_Records supplied_.
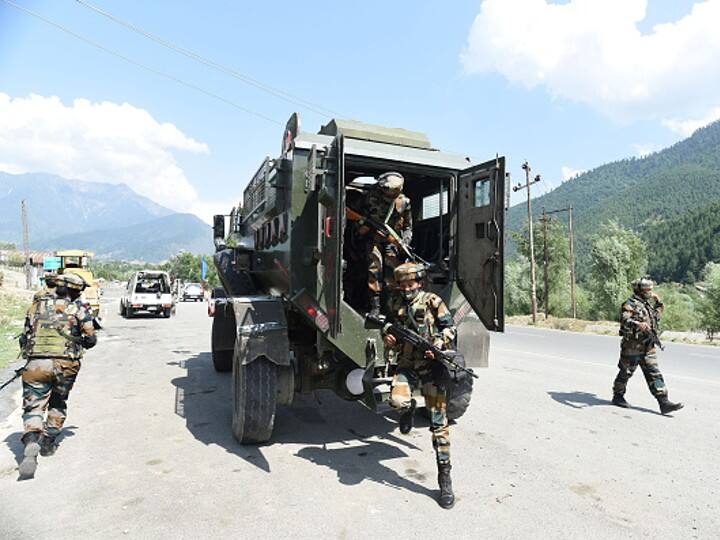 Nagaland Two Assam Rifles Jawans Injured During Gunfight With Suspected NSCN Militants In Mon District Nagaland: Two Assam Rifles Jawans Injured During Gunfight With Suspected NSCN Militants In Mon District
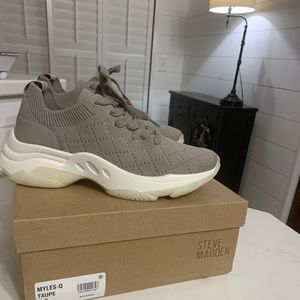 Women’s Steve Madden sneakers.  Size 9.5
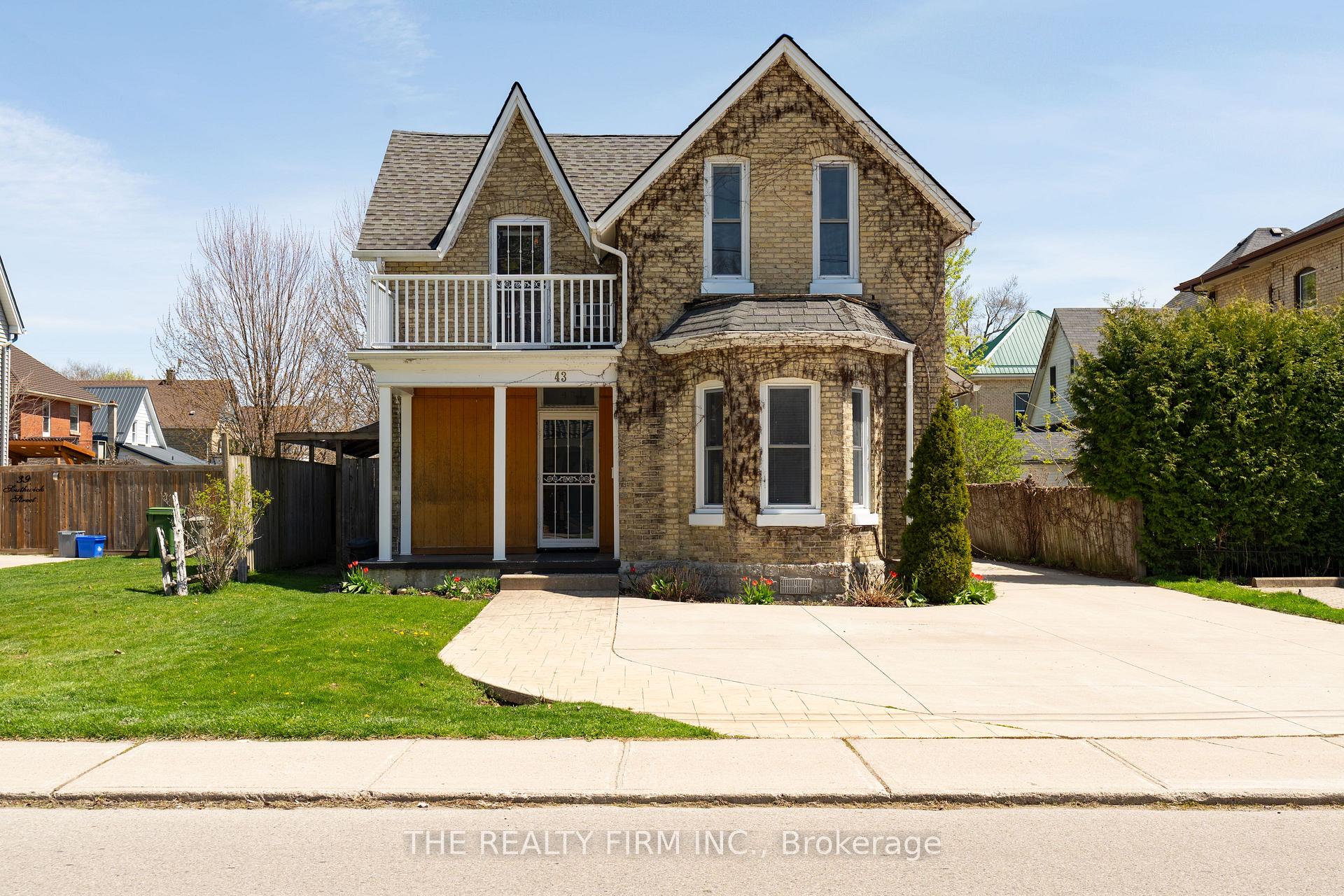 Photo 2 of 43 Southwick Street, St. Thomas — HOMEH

...

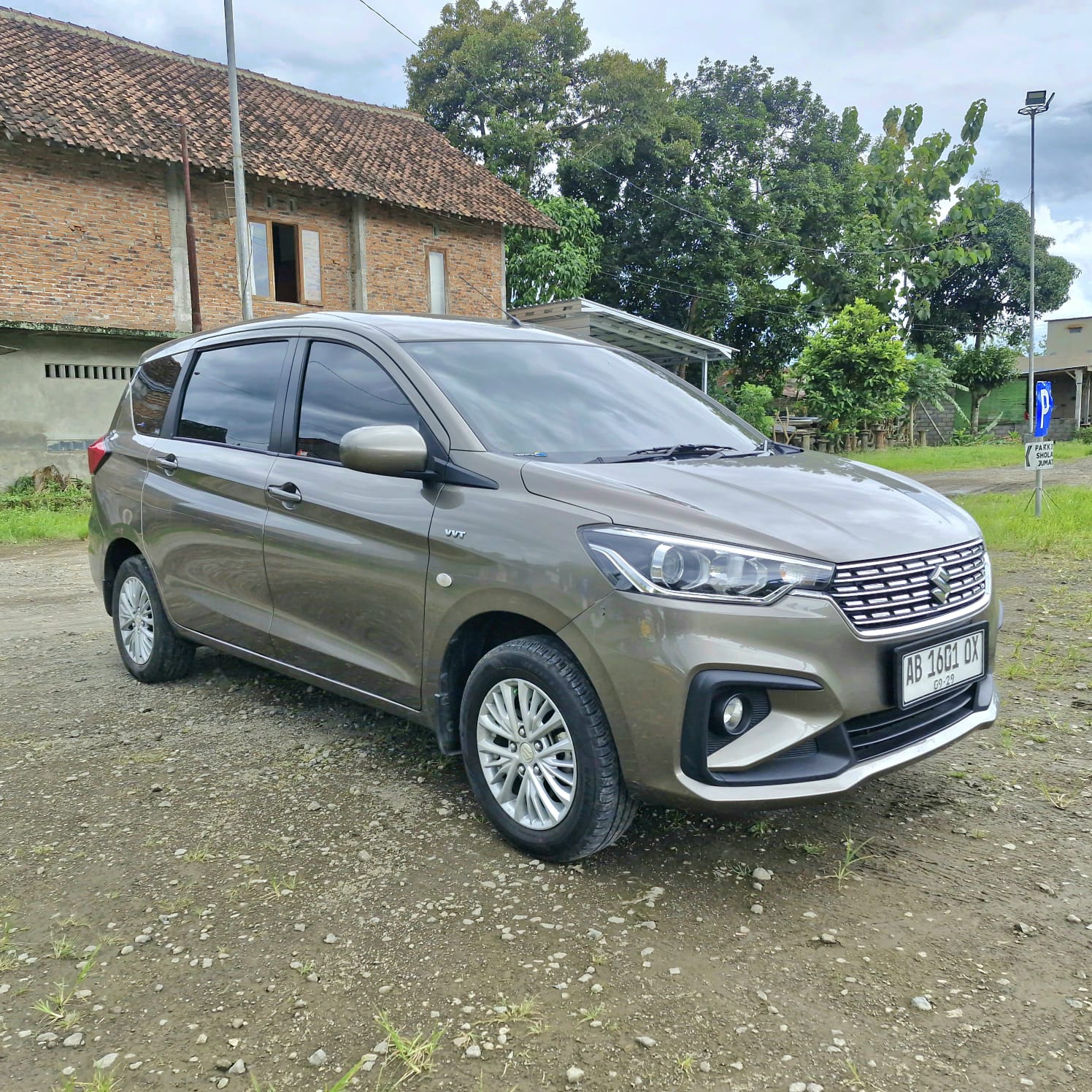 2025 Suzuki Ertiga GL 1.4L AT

_Task requirements_. Leaving out each picture, repeat exactly the lines above from the one that contains "Nagaland Two Assam" through the one that contains "Photo 2 of 43".

_Answer for the task_.
 Nagaland Two Assam Rifles Jawans Injured During Gunfight With Suspected NSCN Militants In Mon District Nagaland: Two Assam Rifles Jawans Injured During Gunfight With Suspected NSCN Militants In Mon District
 Women’s Steve Madden sneakers.  Size 9.5
 Photo 2 of 43 Southwick Street, St. Thomas — HOMEH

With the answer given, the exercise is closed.